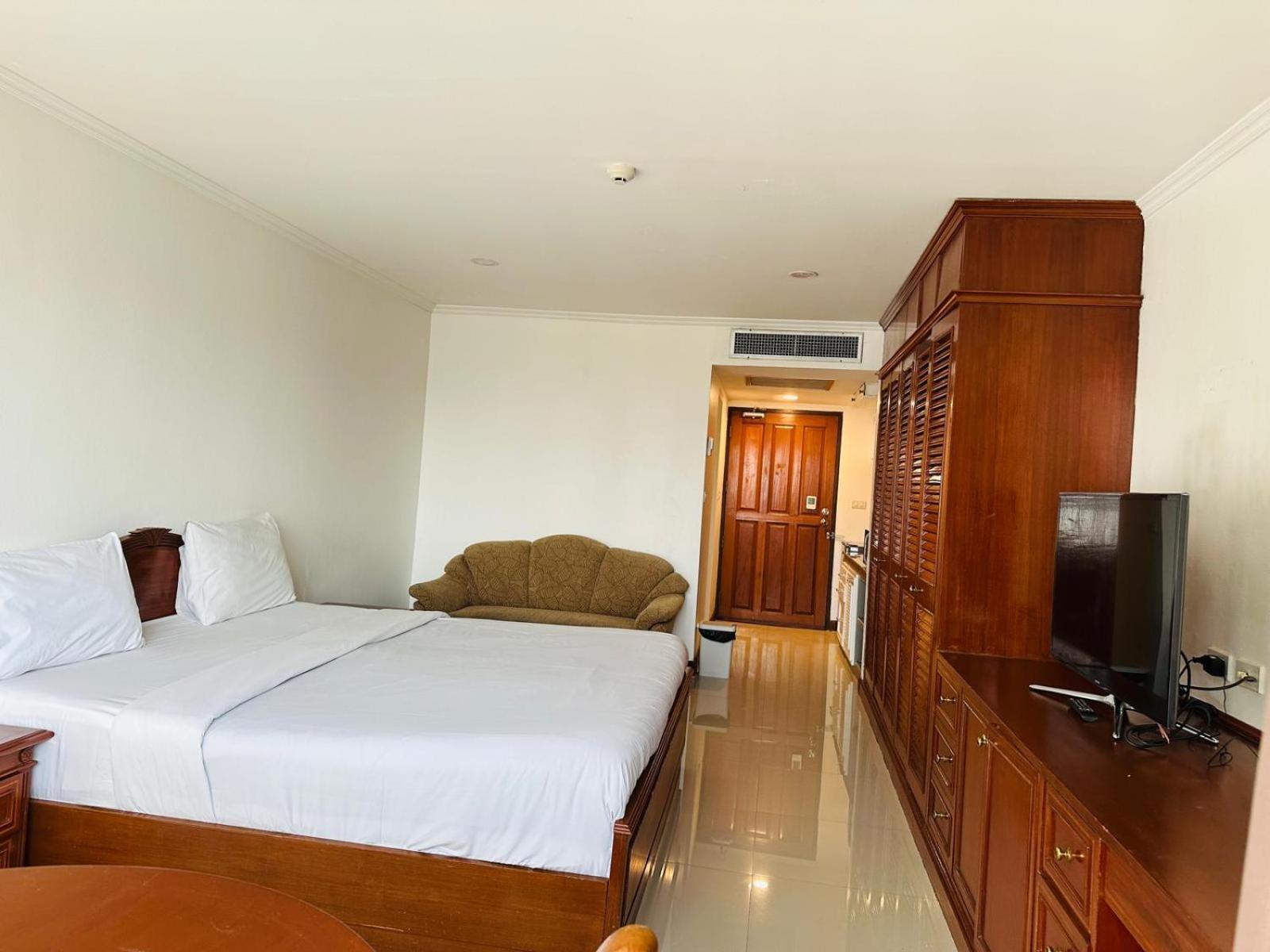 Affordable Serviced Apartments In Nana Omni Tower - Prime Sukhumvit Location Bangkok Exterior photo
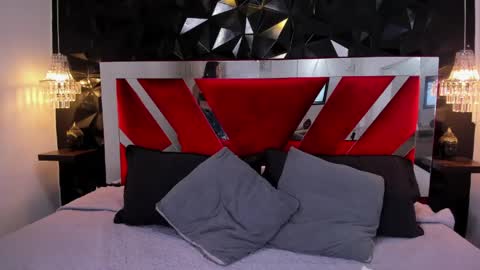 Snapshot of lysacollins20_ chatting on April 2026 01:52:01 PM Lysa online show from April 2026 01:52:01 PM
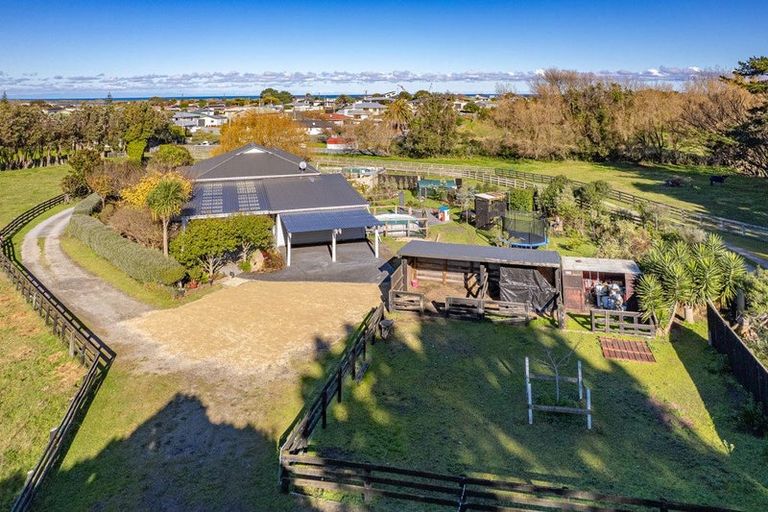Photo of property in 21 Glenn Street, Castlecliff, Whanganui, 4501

### Aim of the exercise
Only the lines from the line with "Snapshot of lysacollins20_" through the final line of the material belong in the answer, copied exactly and without pictures.

### Task result
 Snapshot of lysacollins20_ chatting on April 2026 01:52:01 PM Lysa online show from April 2026 01:52:01 PM
Photo of property in 21 Glenn Street, Castlecliff, Whanganui, 4501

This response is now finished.